──────── Task material
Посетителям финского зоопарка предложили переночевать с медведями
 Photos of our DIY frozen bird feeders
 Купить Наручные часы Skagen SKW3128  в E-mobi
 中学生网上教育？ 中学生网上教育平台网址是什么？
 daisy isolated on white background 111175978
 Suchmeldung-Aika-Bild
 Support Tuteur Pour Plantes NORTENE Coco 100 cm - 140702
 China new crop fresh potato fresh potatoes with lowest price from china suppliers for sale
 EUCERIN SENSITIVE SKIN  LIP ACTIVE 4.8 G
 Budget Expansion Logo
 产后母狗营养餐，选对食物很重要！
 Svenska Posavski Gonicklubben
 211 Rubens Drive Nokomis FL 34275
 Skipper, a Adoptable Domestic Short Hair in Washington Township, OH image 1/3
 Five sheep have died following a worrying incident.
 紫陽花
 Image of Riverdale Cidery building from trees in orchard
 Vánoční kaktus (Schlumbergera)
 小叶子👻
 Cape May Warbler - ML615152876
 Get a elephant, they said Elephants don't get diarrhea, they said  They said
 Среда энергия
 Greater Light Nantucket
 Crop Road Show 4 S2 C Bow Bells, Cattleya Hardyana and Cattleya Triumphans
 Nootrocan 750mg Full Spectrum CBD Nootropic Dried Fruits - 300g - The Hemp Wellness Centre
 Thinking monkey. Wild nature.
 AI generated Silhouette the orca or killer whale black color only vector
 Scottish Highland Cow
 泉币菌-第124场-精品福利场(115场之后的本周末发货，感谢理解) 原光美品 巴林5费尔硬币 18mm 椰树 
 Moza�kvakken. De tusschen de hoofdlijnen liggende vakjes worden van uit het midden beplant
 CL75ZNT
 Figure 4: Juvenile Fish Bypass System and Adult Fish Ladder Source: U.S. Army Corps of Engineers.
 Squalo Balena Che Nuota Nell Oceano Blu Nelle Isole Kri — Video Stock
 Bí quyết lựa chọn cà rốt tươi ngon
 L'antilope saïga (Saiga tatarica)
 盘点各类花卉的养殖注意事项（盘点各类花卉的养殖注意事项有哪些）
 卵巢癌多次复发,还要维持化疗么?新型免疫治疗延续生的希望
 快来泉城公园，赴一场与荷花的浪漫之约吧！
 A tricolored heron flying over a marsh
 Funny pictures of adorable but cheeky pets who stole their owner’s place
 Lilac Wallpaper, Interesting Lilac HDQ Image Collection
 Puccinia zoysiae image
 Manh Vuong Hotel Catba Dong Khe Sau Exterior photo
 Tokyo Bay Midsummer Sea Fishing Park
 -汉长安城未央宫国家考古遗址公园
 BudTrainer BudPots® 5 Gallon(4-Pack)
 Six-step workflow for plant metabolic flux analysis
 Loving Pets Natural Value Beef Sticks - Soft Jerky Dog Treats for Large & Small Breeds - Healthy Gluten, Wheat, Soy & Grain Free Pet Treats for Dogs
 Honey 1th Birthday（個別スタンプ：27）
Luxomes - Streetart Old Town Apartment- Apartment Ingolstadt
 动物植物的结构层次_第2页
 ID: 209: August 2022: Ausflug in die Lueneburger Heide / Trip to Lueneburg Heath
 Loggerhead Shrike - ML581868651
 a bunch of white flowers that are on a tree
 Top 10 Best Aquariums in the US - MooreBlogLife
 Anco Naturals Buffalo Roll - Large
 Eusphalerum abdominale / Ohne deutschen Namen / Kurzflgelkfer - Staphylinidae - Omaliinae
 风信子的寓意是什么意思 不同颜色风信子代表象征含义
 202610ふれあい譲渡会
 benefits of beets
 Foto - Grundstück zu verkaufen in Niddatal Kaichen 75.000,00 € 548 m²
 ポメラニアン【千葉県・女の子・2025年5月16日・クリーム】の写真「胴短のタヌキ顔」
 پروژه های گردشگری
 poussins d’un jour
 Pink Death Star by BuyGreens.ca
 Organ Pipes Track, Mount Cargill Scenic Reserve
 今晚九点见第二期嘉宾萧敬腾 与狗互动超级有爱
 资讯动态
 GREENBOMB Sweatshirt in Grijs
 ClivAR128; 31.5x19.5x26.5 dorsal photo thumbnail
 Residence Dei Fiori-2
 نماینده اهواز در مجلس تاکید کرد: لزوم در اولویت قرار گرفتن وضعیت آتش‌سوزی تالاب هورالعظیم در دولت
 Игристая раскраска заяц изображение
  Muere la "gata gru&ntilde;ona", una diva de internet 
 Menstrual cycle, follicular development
────────────────
◆ What you should do ◆
From the line containing "GREENBOMB Sweatshirt in Grijs" down to the last line of the data, transcribe every line exactly; nothing else should appear.

◆ Solution for this task ◆
 GREENBOMB Sweatshirt in Grijs
 ClivAR128; 31.5x19.5x26.5 dorsal photo thumbnail
 Residence Dei Fiori-2
 نماینده اهواز در مجلس تاکید کرد: لزوم در اولویت قرار گرفتن وضعیت آتش‌سوزی تالاب هورالعظیم در دولت
 Игристая раскраска заяц изображение
  Muere la "gata gru&ntilde;ona", una diva de internet 
 Menstrual cycle, follicular development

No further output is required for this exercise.